# '96 nissa maxima



## execute007 (Aug 9, 2004)

i am considering getting a '96 nissan maxima, the car interior is in exquisite condition, new exhaust, new timing belt,(one owner) but the car has 96,000 miles on it (that breaks down o about 12,000 miles a year, which is not too bad). Are the any things I should be aware of with this model car? It appears that the car was very well kept up and the dealer said that if anything goes wrong with the car, I can bring it back in for repairs. Any information would be appreciated. Thanks in advance..


----------



## myoung (Apr 15, 2002)

execute007 said:


> i am considering getting a '96 nissan maxima, the car interior is in exquisite condition, new exhaust, new timing belt,(one owner) but the car has 96,000 miles on it (that breaks down o about 12,000 miles a year, which is not too bad). Are the any things I should be aware of with this model car? It appears that the car was very well kept up and the dealer said that if anything goes wrong with the car, I can bring it back in for repairs. Any information would be appreciated. Thanks in advance..

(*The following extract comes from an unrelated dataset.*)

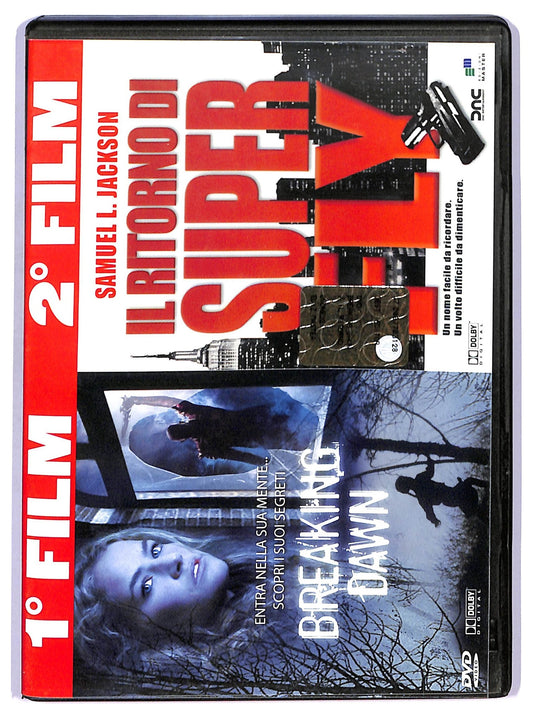 EBOND Breaking Dawn + Il ritorno di Superfly (Combo) EDITORIALE DVD D749314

please read the topic area before posting...

(moved from NPM area to Maxima area)


----------



## Jeff (Oct 17, 2002)

1-Our Maximas do not have timing 'belts'...just a timing chain.
2-if the dealer is saying they will do all the work then get it in full legal writing
3-miles are a little up there but if everything else on the car is very well maintained I wouldn't worry about it. The engines last a LONG time.
4-have an independent mechanic look at it for any defects.


----------